Proof 1: Given, $ 2^s (2^{s-2} \pm 1)=n! \cdots (1)$
Let, $x=(2^{s-2} \pm 1)$. We know,
$\log(n!) = n \log(n)-n + O(\log(n))$ (see $[1]$ Lemma, equation $(3.4)$ on page , 53)
$\implies \log( 2^s \times x)= n \log(n)-n + O(\log(n))$ $\implies \log( 2^s) +\log(x)= n \log(n)-n + O(\log(n))$ $\implies \log(x)= n \log(n)-n + O(\log(n))- \log( 2^s) \cdots (2)$
Here, $\log( 2^s)=s \times \log2=(n-s_2(n)) \times \log2$ $[\because s=n-s_2(n) ]$
$\therefore \log( 2^s) < n$, so, $n \log(n)-n + O(\log(n))- \log( 2^s) $ $> n \log(n)-n + O(\log(n))- n$.
Now, we can rewrite $(2)$ as- $ \log(x) > n \log(n)-2n + O(\log(n))=n\times (\log(n)-2)+ O(\log(n) > C \times n $ $\therefore \log(x) > C \times \log( 2^s) \implies x > C_1 \times 2^s \cdots (3)$.
$C, C_1$ are constants. For sufficient large value of $n$, $C>100, C_1>2$. But inequality $(3)$ contradicts $x=(2^{s-2} \pm 1)$. So, $n,s$ can not be infinite. $\square$
$\textbf{Proof 2:} $ If $n!=a \times 2^s$ and $a$ is the odd number, then $a\geq 2^{n-1}$ . Let, $P(n)$ be the proposition- $n! \geq 2^{2(n-1)}$
BASIS STEP: $P(8)$ is true as $8! > 2^{14}$.

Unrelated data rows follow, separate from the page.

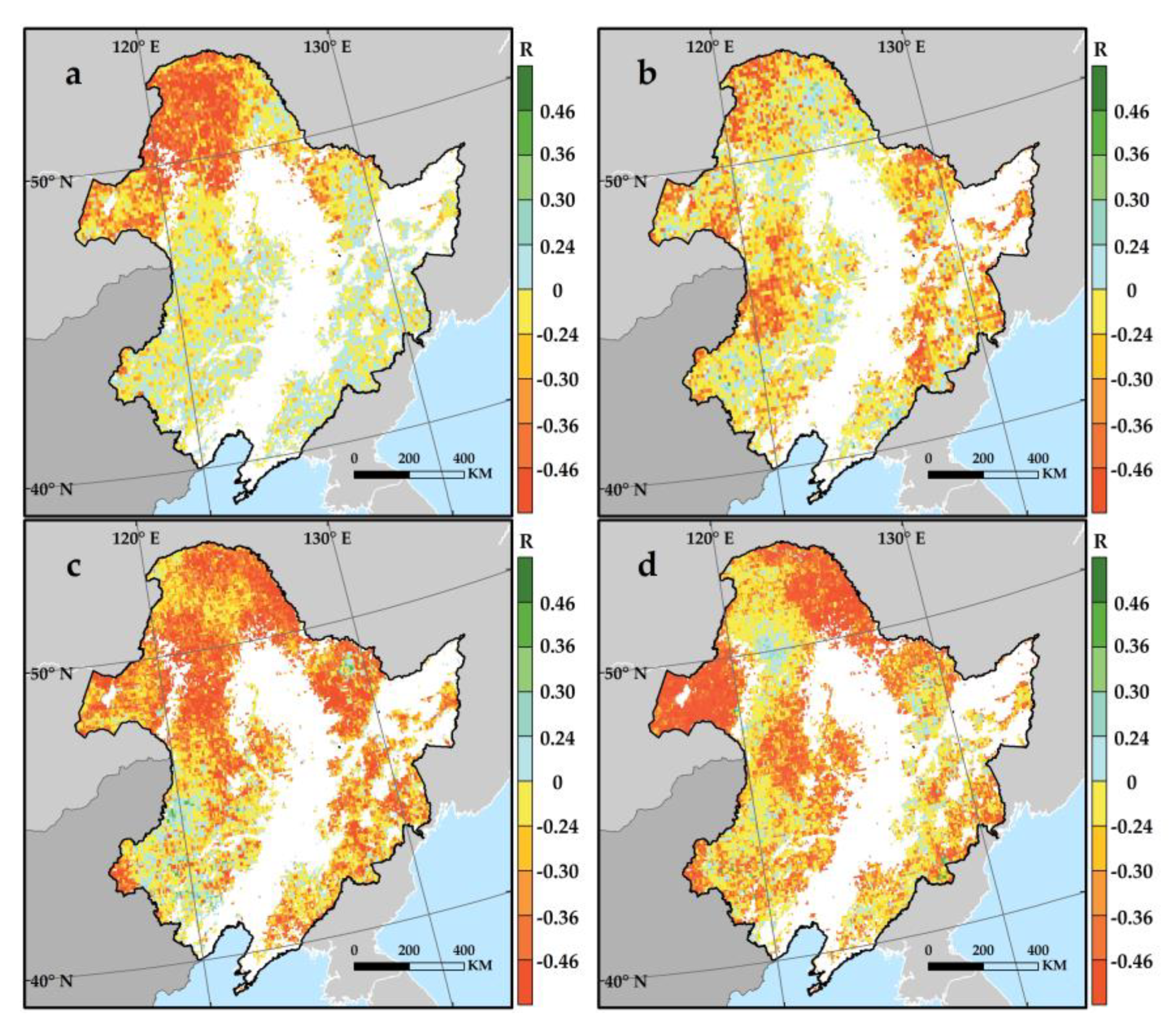 Remotesensing 12 01355 g006
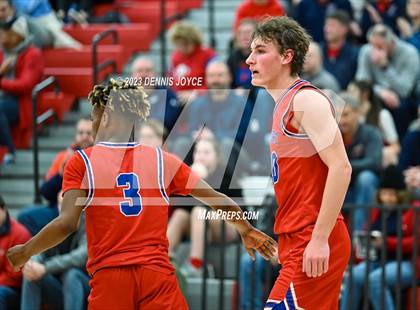 Thumbnail 2 in Fairport @ Penfield photogallery.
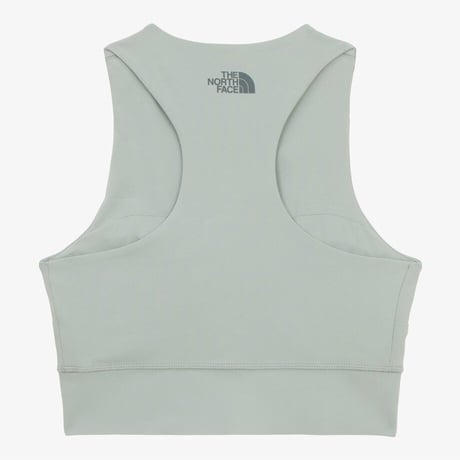 W'S TWINE BRA TOP MINT NU9AR32C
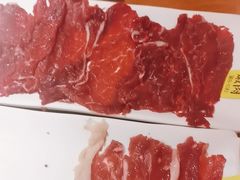 -海银海记潮汕牛肉火锅(新港中路海珠店)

INDUCTIVE STEP: Assume, $P(d)$ is true $(\forall d> d_0)$, we need to show that $P(d+1)$ is true. Form $P(d)$ , $d! \geq 2^{2(d-1)} \implies 4 \times d! \geq 2^{2d} $. Since, $d+1>4, \forall d>4,$ we can write-$ (d+1) > 4 \times d! \geq 2^{2d} $, so, $P(d+1)$ is also true. The inductive step is complete.

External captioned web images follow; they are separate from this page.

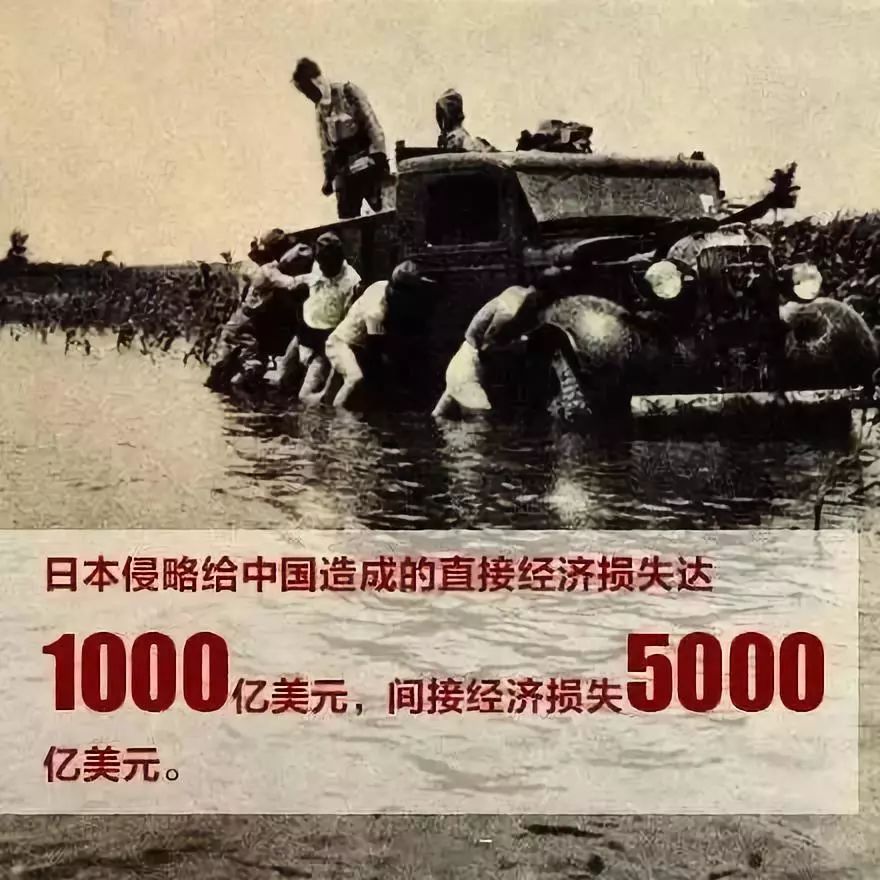 640 (4).jpg 图片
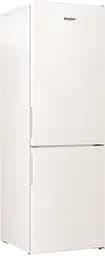 Холодильник Whirlpool WHKS 1361 W4U - мініатюра 2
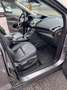 Ford Kuga Kuga 2.0 tdci Titanium 4wd 140cv powershift Grijs - thumbnail 11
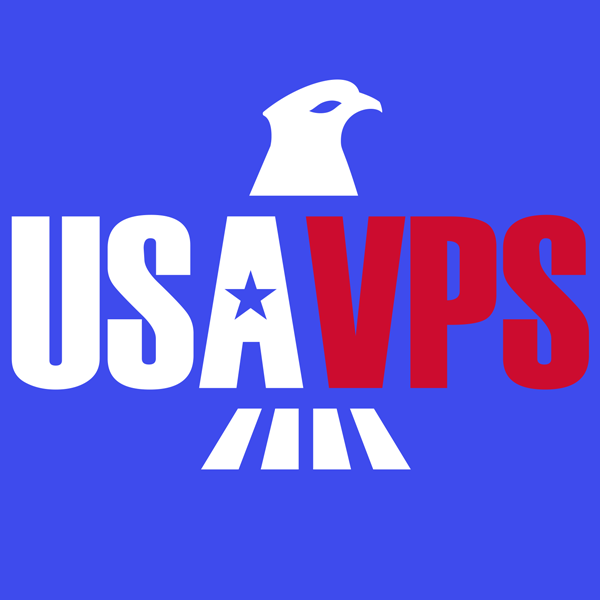 usavps.com favicon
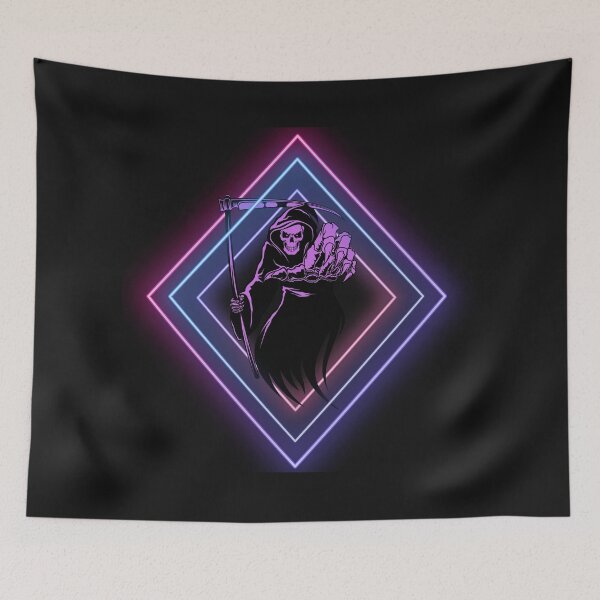 Item preview, grimmy designed and sold by Magikz.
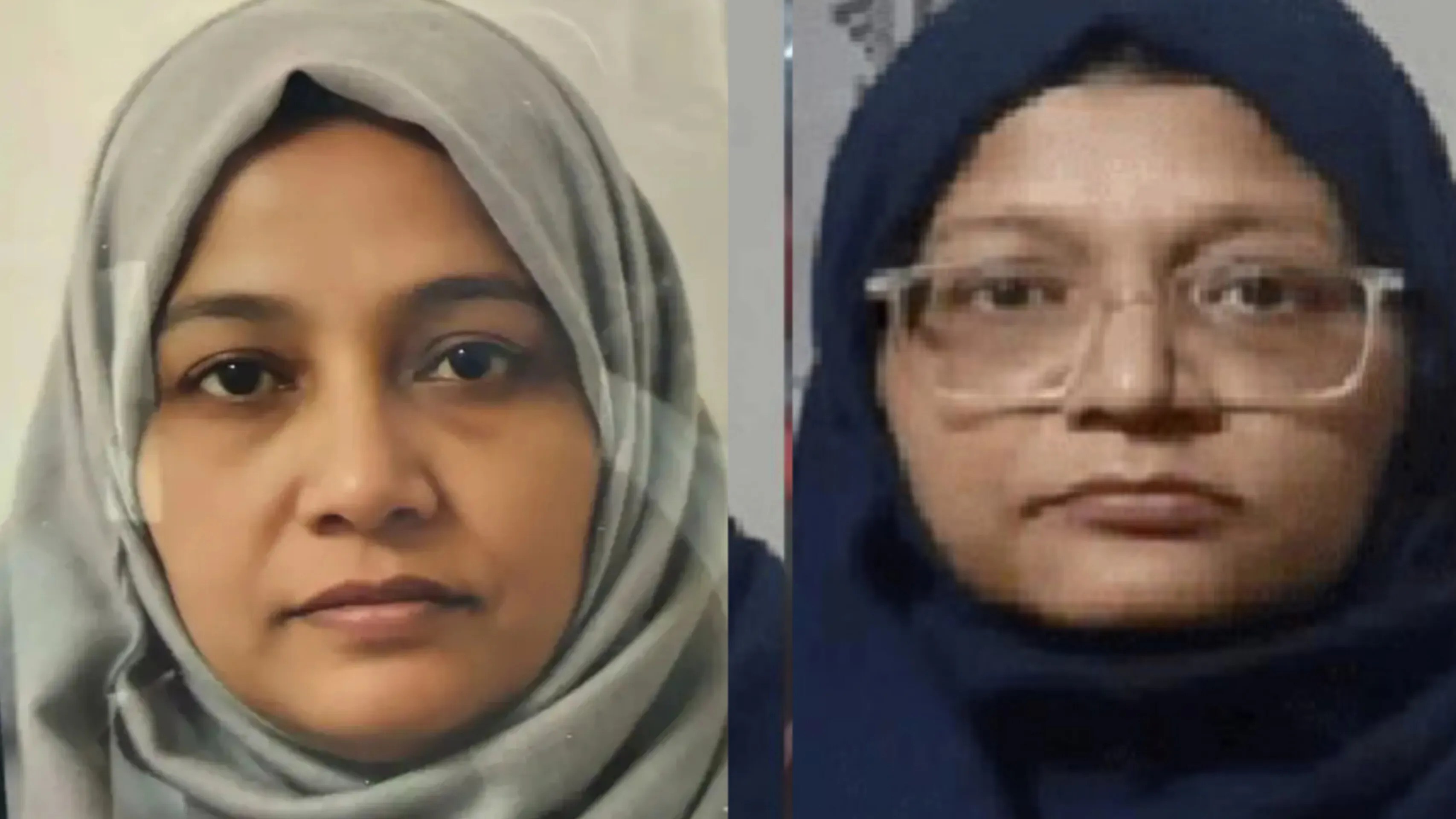 डॉक्टर शाहीन (फोटो सोर्स- कानपुर मेडिकल कॉलेज)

Thus, $n! \geq 2^{2(n-1)}$. But then, $a \times 2^{n-1} \geq 2^{2n-2}$ $[\because s \leq n-1]$
$\implies a \geq 2^{2n-2-n+1}=2^{n-1}$. So, $n,s$ can not be infinite. $\square$
Query: Is there any error in the above proof? If there is an error, explain the error as an answer. Also, if you have an alternative / correct proof, please post.

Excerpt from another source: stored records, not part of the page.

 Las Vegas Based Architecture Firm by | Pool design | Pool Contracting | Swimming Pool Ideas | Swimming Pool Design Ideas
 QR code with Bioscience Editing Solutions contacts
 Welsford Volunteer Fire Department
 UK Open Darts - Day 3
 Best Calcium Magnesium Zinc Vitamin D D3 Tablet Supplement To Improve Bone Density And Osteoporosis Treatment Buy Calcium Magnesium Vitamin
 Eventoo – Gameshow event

Related Post: Finitely many Positive Integers $n, s $ such that $n!=2^s(2^{s−2}−1)$. This post has an argument for $n!=2^s(2^{s−2}−1)$ using a result of Cameron Stewart, whereas current post concerns with the general case $n!=2^s(2^{s−2} \pm 1)$.
Reference:
- Stopple, J. , A Primer of Analytic Number Theory, Cambridge University Press.